Image-text web data:
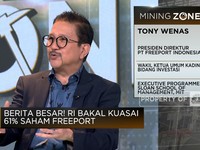 Video: Revisi Aturan Izin Tambang, RI Bisa Kuasai 61% Saham Freeport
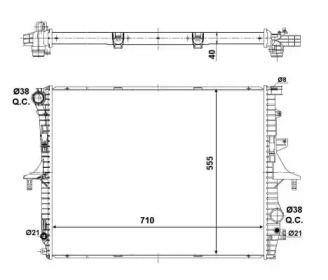 Теплообменник WILMINK GROUP WG1723071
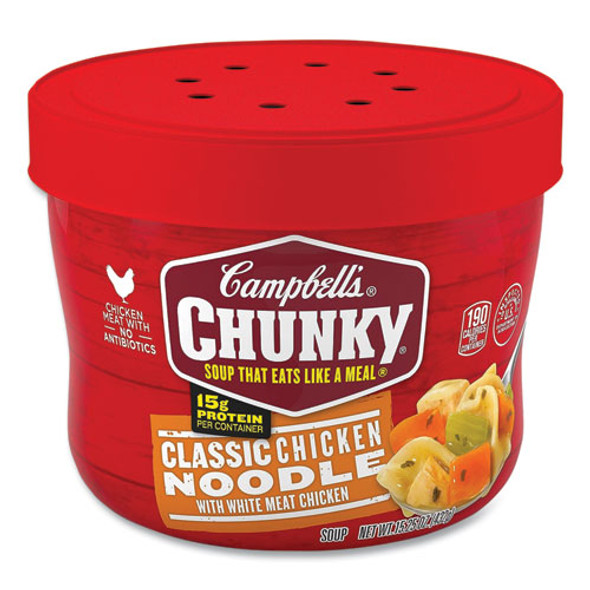 Chunky Classic Chicken Noodle Bowl,15.25 oz Bowl, 8/Carton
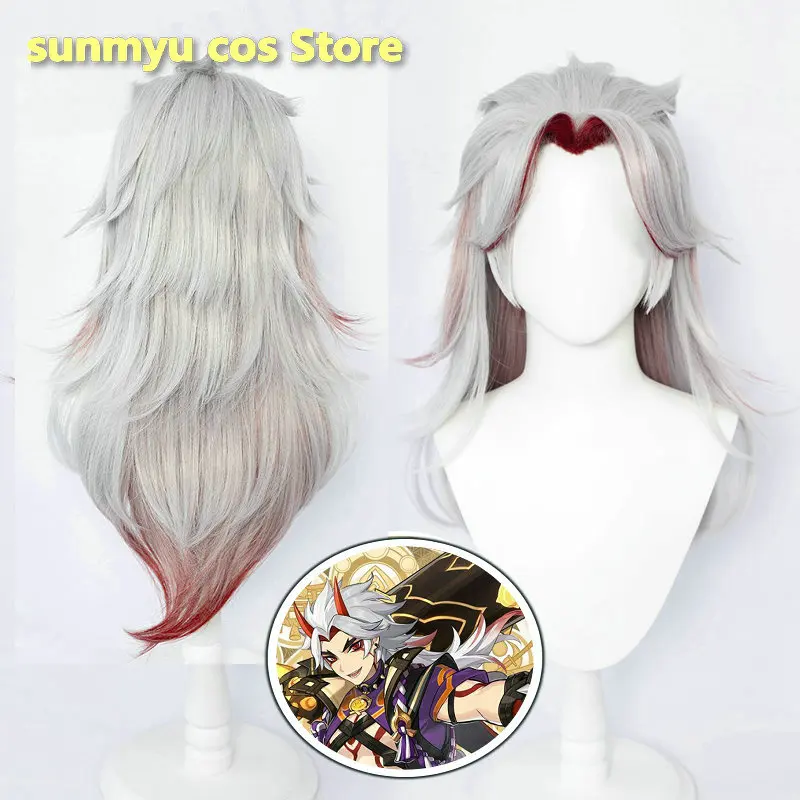 

New Character Genshin Impact Arataki Itto Wig Arataki Itto Cosplay Hair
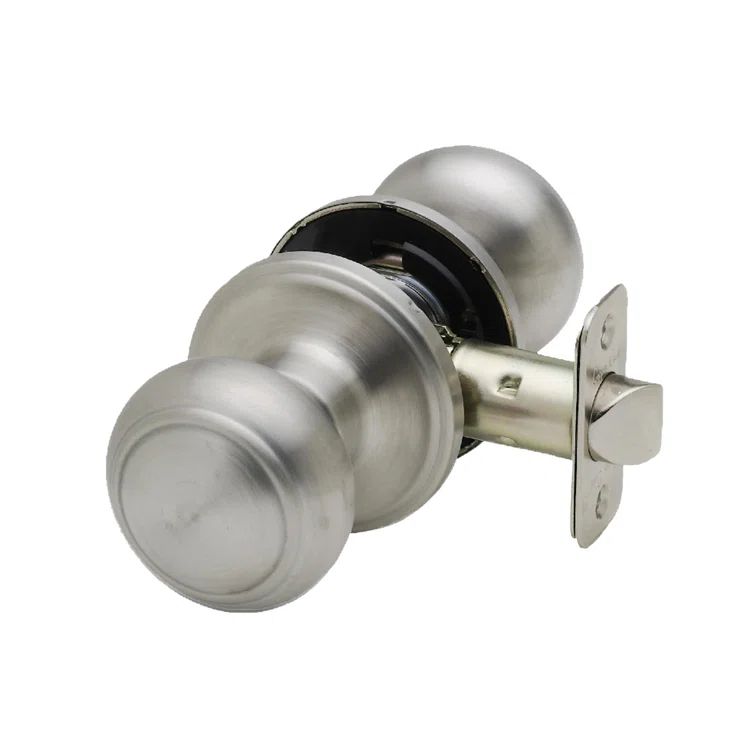 Satin Stainless Steel Round Passage Door Knob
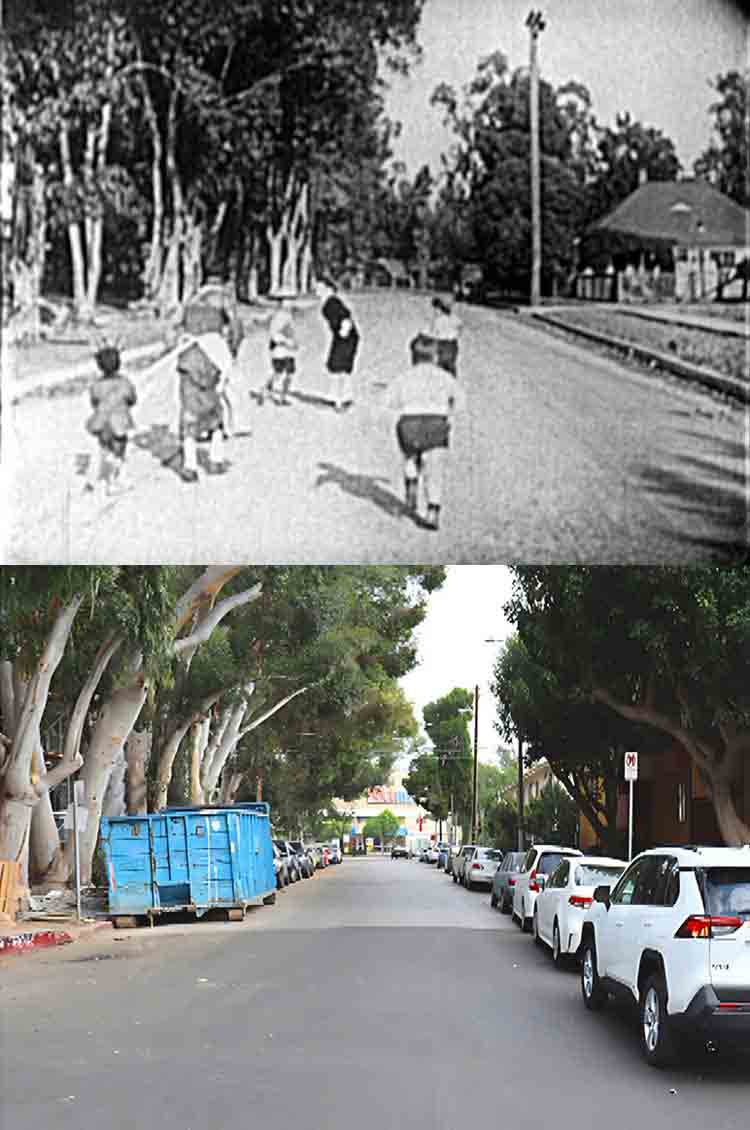 Filming location from the Our Gang / The Little Rascals movie The Love Bug.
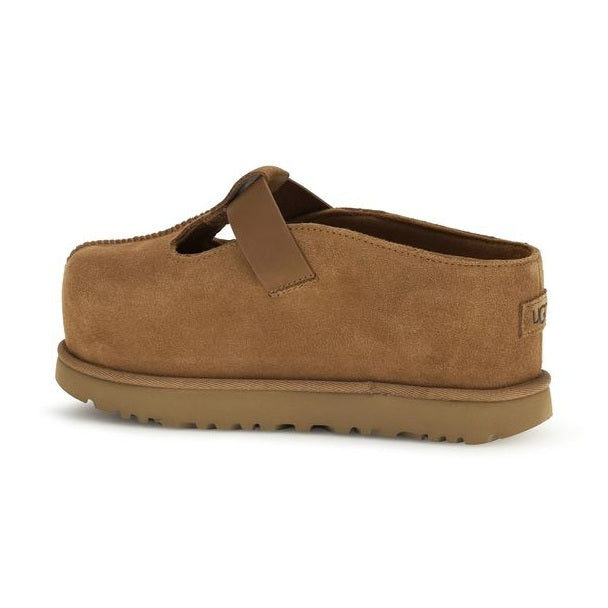 UGG Brown Calf Leather Bos Taurus Mules
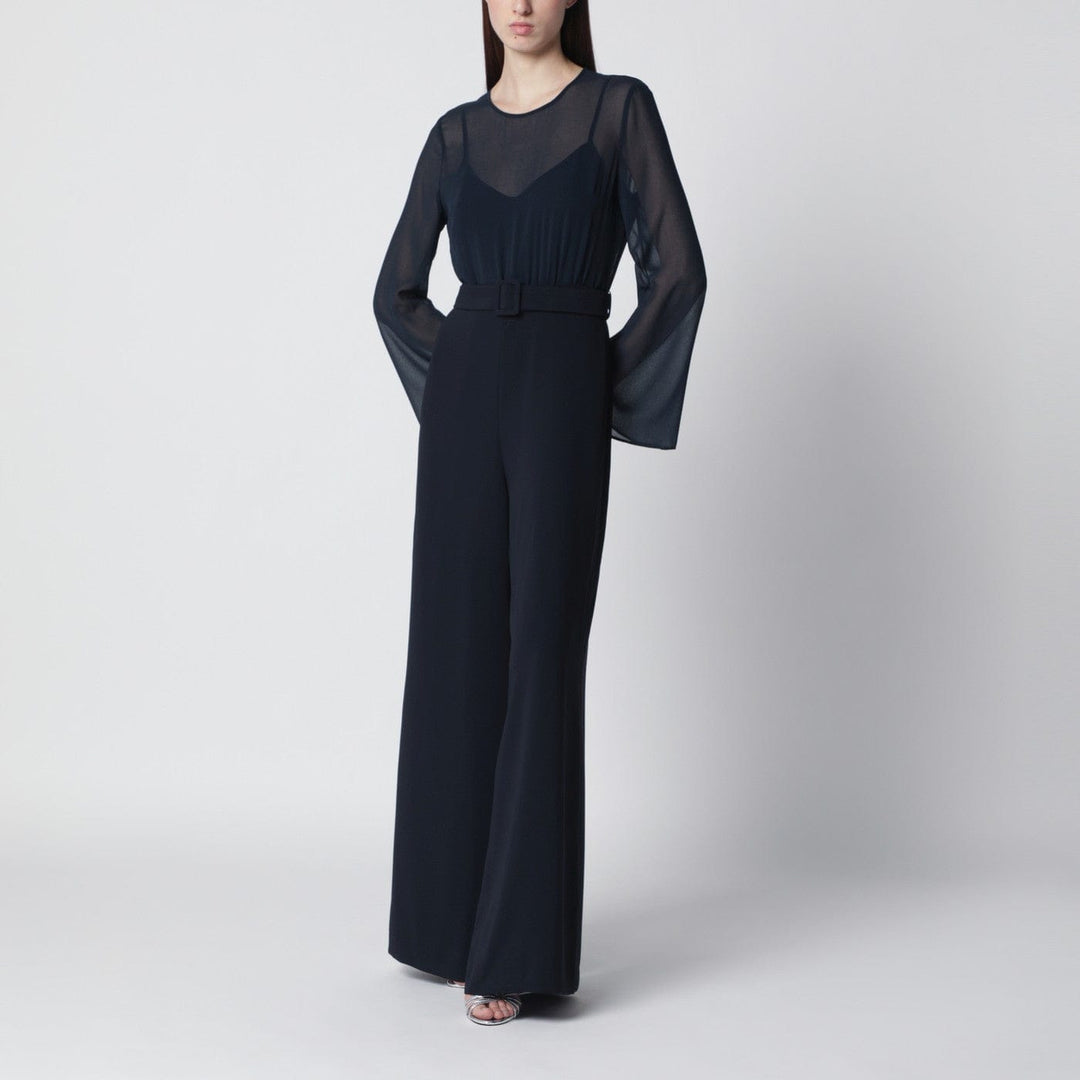 Jumpsuits &amp; Rompers Blue jumpsuit with belt Brand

AIM OF THE TASK » This exercise needs every entry retyped exactly, with the pictures removed.

FINISHED EXERCISE »
 Video: Revisi Aturan Izin Tambang, RI Bisa Kuasai 61% Saham Freeport
 Теплообменник WILMINK GROUP WG1723071
 Chunky Classic Chicken Noodle Bowl,15.25 oz Bowl, 8/Carton

New Character Genshin Impact Arataki Itto Wig Arataki Itto Cosplay Hair
 Satin Stainless Steel Round Passage Door Knob
 Filming location from the Our Gang / The Little Rascals movie The Love Bug.
 UGG Brown Calf Leather Bos Taurus Mules
 Jumpsuits &amp; Rompers Blue jumpsuit with belt Brand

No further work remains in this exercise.